Processing instructions
What was that last one?
Using a uniform storage format gives us an extensible way to embed arbitrary metadata in programs
Free from the (many) limitations of the examples given above
Each tool in the chain can inspect, inject, modify, or process whatever it wants
LOLT taken to the next level
This includes tools that run after the compiler is done
BLOB on disk includes instructions for debugger, profiler, logger, etc.

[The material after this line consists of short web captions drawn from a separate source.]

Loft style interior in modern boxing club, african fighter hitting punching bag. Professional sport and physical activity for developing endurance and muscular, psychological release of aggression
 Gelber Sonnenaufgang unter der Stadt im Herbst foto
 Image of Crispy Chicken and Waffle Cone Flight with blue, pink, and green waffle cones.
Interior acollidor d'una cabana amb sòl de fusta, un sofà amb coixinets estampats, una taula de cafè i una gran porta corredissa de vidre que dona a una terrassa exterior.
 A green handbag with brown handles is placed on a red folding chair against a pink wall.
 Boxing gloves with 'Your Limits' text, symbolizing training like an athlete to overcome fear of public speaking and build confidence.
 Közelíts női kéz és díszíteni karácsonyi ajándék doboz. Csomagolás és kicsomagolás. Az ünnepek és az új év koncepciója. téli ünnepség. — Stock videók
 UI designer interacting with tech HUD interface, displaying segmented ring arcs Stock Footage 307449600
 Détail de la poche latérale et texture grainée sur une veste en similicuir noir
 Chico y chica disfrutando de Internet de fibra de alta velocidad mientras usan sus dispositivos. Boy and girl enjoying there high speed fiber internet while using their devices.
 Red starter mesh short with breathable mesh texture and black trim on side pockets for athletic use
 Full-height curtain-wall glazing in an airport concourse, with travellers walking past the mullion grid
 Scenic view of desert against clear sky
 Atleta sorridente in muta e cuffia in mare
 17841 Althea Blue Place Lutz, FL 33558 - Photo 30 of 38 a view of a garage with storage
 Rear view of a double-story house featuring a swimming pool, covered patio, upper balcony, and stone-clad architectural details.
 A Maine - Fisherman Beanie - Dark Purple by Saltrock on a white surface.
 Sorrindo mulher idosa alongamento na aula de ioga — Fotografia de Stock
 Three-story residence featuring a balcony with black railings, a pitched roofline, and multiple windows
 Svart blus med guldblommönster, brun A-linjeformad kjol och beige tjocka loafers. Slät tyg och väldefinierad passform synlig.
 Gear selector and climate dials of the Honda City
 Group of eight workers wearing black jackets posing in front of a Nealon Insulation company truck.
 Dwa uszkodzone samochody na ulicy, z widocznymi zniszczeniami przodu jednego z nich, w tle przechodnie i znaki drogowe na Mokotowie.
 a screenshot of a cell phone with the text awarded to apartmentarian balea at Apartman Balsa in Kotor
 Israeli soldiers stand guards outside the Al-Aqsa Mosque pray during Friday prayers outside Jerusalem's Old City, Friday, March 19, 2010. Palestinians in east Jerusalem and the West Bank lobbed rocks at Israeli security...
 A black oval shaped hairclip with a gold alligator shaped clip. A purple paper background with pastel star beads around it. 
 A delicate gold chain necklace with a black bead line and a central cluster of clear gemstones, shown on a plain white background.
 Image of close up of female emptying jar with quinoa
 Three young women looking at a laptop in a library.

So what does this look like?
<program>
<doc>
...something like XHTML...
</doc>
<codegen>
...stuff telling code generator how to generate extra code...
</codegen>
<staticcode>
...invariant stuff to be compiled...
<doc>
...which may itself contain documentation blocks...
</doc>
</staticcode>
<debugger>
...code to be executed by debugger, e.g. to customize display...
<runtime-help>
...which may itself contain documentation blocks...
</runtime-help>
</debugger>
<profiler>
...and so on...
</profiler>
</program>
Instructions themselves
<for-loop>
<for-loop-head>
</for-loop-head>
<stmt-seq>
<doc>Only replace below threshold</doc>
<cond>
<test>
<compare-expr operator="less">
<field-expr field="age"><evaluate>record</evaluate></field-expr>
<evaluate>threshold</evaluate>
</compare-expr>
</test>
<body>
<invoke-expr method="release"><evaluate>record</evaluate></invoke-expr>
</body>
</cond>
</stmt-seq>
</for-loop>
Good gracious, that's ugly!
But who cares? This is just a model
As computer scientists, we ought to understand (and be comfortable with) the difference between models and views
One possible view of the code block above:
// Only replace below threshold
for (record in candidates) {
if (record.age < threshold) {
record.release();
}
}
Another view of the same model:
;;; Only replace below threshold
(foreach record candidates
(if (< (field record 'age) threshold)
(record 'release))
)
Examples
Design by contract
Use of certain tags triggers a transformation module
Converts expressions tagged pre and post into legal Java
Injects records formatted for debugger API to allow transformation back to original source
Debugger customization
A standard way to ask the compiler to preserve information in the generated code
So that the debugger can display templated variables using the original semantics
Round-trip CASE
CASE tool can store model descriptions and link to them from code
Standard (XML) editors can be told what to show and hide
Model checker plugin for tool chain will come bundled with the syntax extensions, formats, etc.
We're already doing this
JAR (Java ARchive) and WAR (Web Application Archive) files already contain heterogeneous content
Executable code destined for final product may be only a fraction of content
"I want to see my programs as they actually are!"
1. You can
Text representation of XML is the equivalent of assembly language
2. You never really have
Remember, it takes over 300,000 lines of C to make magnetized regions on disk appear as formatted text on your screen
/ * * \r \n * T h i s c l a
s s p r i n t s < e m > o d
d n u m b e r s < / e m > . \r
\n * S e e t h e < a h
r e f = " { @ d o c R o o t } /
c o p y r i g h t . h t m l " >
C o p y r i g h t < / a > . \r \n
* @ a u t h o r G r e g
W i l s o n \r \n * @ v e r s
i o n 1 . 2 \r \n * / \r \n \r \n
p u b l i c c l a s s O d d
s { \r \n p u b l i c s t
a t i c v o i d m a i n ( S
t r i n g [ ] a r g s ) { \r
\n f o r ( i n t i =
0 ; i < 1 0 ; + + i ) { \r
\n i f ( i % 2
) { \r \n S y s
t e m . o u t . p r i n t l n (
i ) ; \r \n } \r \n
} \r \n } \r \n } \r \n
"Vee Eye or Die!"
Do you use lynx?
More importantly, do you think a generation that has grown up with Word and IE is going to put up with Emacs?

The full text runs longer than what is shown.